6. How much effect does debt default actually have on a banks profit?
7. How much effect does default actually have on stakeholders and shareholders dividends?
If proper attempts are made to answer these questions, a careful result and recommendation will help banks to find solutions to the problem of debt defaults.
Definition of terms
Commercial Bank: his is a financial institution, which deals in the acceptance of money deposits and making them available to investors and borrowers alike as loans and overdrafts. It is other functions, which include discounting bills of exchange, foreign exchange and providing safe custody for valuables. They lend money tyo private sector business traditionally, for non-fixed capital purpose usually accounts for greater pat of their profit.
Loans: This is the act of lending something such as bank lends and somebody borrows. It is also all types of advances granted by banks to customers with interest repayment programme and on which interest is charged
Maturity dates for such loans can vary from bank to bank and from loan to loan, as the case my be.
Loan can be classified into the;
i. Secured loan
ii. Un-secured loan
Secured loans: These are loans that are secured by a collateral usually assets like houses, landed property etc.

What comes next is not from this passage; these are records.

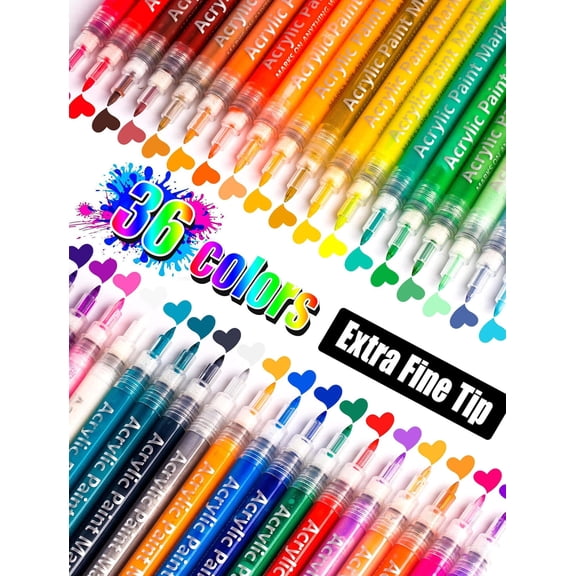 36 Colors Extra Fine Tip  Pens  Markers,    Pens For Rock Painting, Canvas, , Glass, Ceramic, Fabric,   Markers Set for Painting Supplies
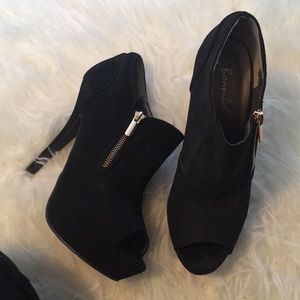 Suede Black Heels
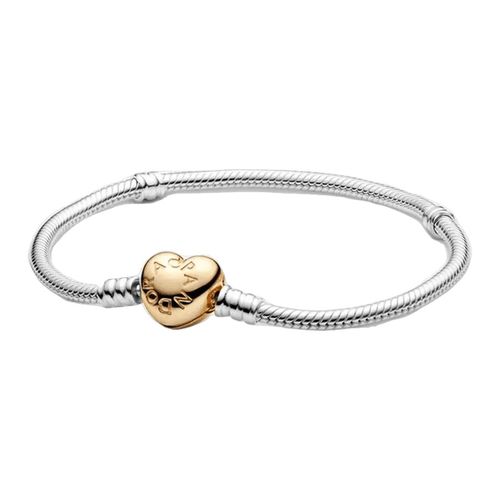 Vòng Đeo Tay Pandora Moments Heart Clasp Snake Chain Bracelet 568707C00 Màu Bạc-1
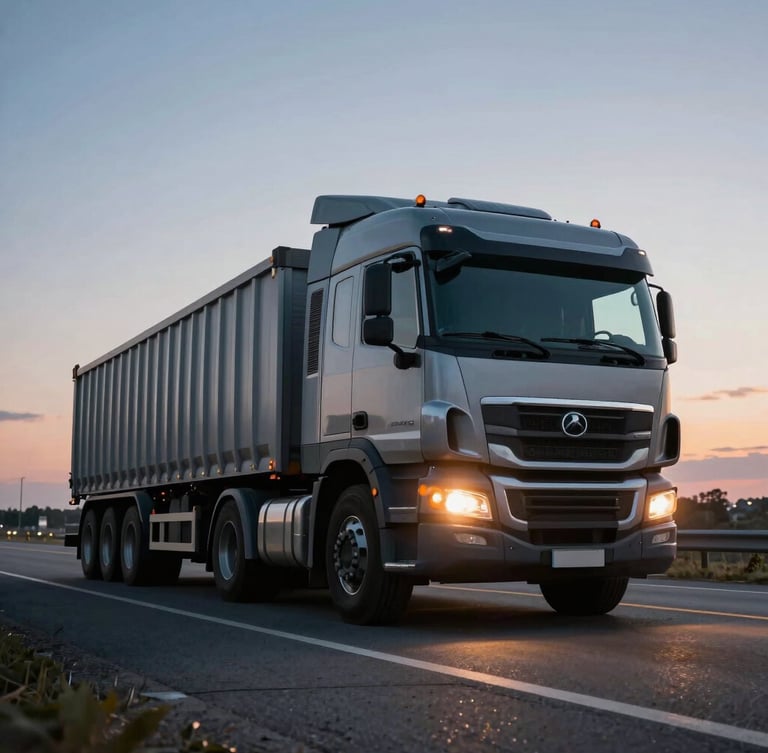 Low-angle heroic shot of a modern heavy-duty cargo truck on a clean highway at dusk, cool steel tones with warm amber headlight glow.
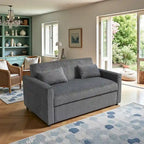 Convertible Corduroy Sofa with Adjustable Backrest and Storage Pocket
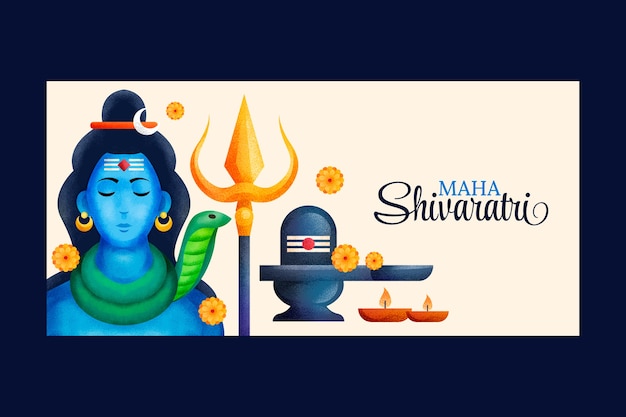 Kostenloser Vektor realistische maha shivaratri horizontale fahne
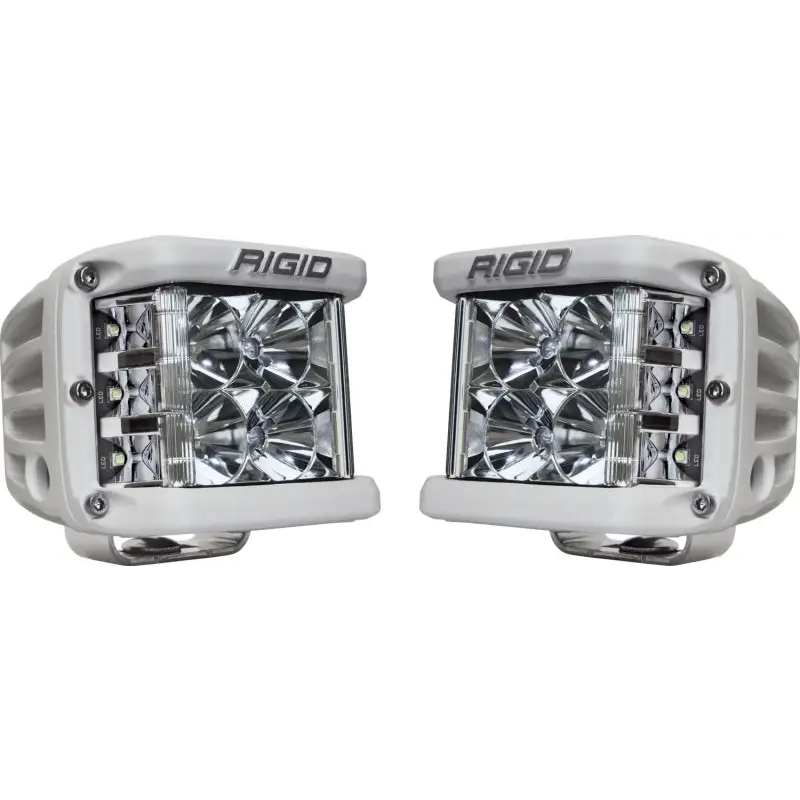 Pair of chrome LED lights for Jeep Wrangler - Rigid Industries D-SS Flood - White Housing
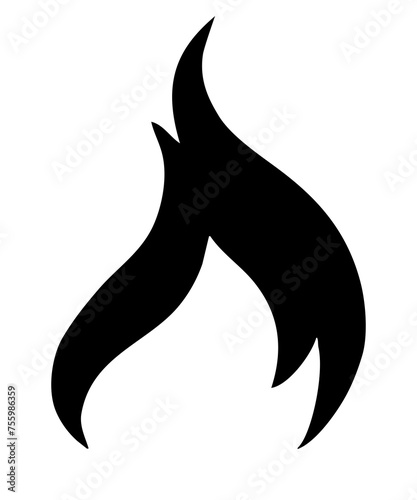 black outline fire flame icon logo isolated	 photo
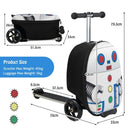 2-in-1 skateboard luggage with lighted wheels for kids, featuring a waterproof shell and ample storage space for travel.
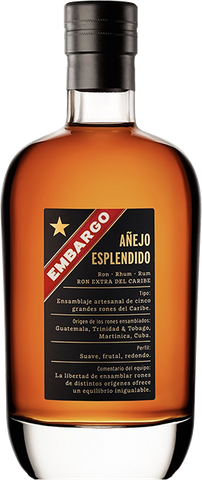 Embargo, Anejo Esplendido Rhum, 70cl, Caribbean Blend Rhum (les Bienheureux Jean Moueix)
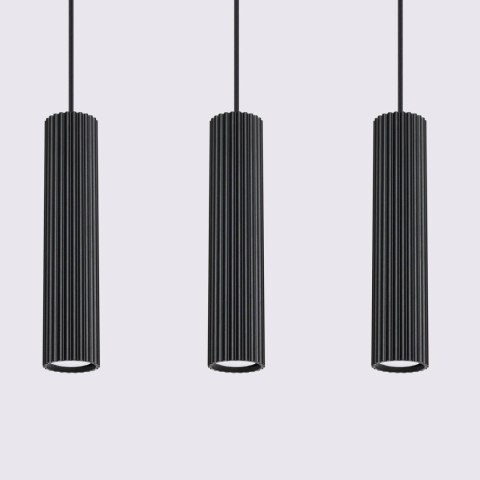 ŻYRANDOL LAMPA SUFITOWA Lampa wisząca KARBON 3L czarny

Un-secured loans: These are loans that are not secured by a collateral, but is made on the signature of the borrower, however, if the borrower is not well known, a guarantor maybe sought.
Collateral: This is defined in dictionary of banking and fiancé as a specific property, which a borrower pledges as security for the payment of a loan, agreeing that the lender shall have the right to sell or dispose the collateral for the purpose of liquidating the debt if the borrower fails to repay the loan at maturity” (David 1980 pp 49.)
Maturity: This refers to the time a loan is granted to the time of repayment falls due. Maturity of loans could be classified onto three.
Short term maturity: usually a period of up to one year.
Medium term maturity: refers to maturity period ranging between one to five years.
Long term maturity: refers to maturity period ranging over five years.
Default: it means failure to do something that must be done by law especially paying a debt.
Bad debt: this is the among in open accounts that have proved unrecoverable, it includes instances where the borrower has refused to pay.